TASMANYA : 14.000 yıl önce denizin yükselmesiyle Avustralya’dan ayrılmış.Ana karadan 1600 km. uzaklıktadır.1642 yılında Hollandalı kaşif Abel Tasman tarafından keşf edilmiş.1803 de İngilizler tarafından yerleşime açılmış.1803 ile 1847 yılları arasında burada bulunan yerli halk soykırıma uğramış.İngilizler bir tek yerli kalmayana kadar öldürmüşler yada açlığa terketmişler.Günümüzde Tasmanya’da hiç yerli halk yok.

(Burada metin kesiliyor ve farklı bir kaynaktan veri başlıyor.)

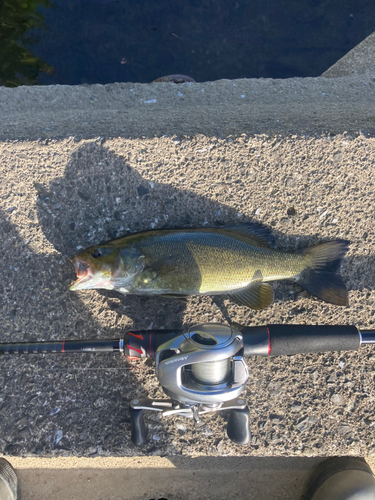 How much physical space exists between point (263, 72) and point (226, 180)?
181 centimetres

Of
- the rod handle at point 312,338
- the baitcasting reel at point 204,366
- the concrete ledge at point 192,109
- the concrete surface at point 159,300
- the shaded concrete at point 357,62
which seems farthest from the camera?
the shaded concrete at point 357,62

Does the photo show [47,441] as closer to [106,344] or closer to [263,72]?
[106,344]

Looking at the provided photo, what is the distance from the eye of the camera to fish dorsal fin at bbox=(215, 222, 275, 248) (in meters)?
2.19

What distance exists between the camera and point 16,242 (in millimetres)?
2330

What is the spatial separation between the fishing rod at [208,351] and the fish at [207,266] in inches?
10.6

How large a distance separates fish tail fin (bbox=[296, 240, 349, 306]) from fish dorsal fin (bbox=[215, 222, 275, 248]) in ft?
0.78

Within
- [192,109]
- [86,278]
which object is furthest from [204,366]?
[192,109]

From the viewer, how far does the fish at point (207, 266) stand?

Hobart,güzel bir liman şehri.Küçük ve  şirin.Parlemento binası.Salamanca meydanı,Princes parkı,St.Georges Kilisesi,Mona Müzesi şehir içinde görülebilecek yerler.Tasmanya Avustralyanın en soğuk bölgesidir.Soğuk iklimde yaşamayı başaran Tasmanya Şeytanı,Ornitorenk ve Tasmanya Kaplanı(Nesli Tükenmiş) buranın sembolü olmuşlar. Bonorong Doğal yaşam ve Rehabilitasyon merkezinde Tasmanya Şeytanı,Koala,Keseli Sansarlar,Vombatları ve Kanguruları görebiliyoruz.Kolonyal dönemde hapishane olarak yapılmış Port Arthur’u gezmekte insanı o dönemlere götürüyor.Bir çoğu harabe halinde.Dönemin en çok mahkum barındıran hapishanesiymiş.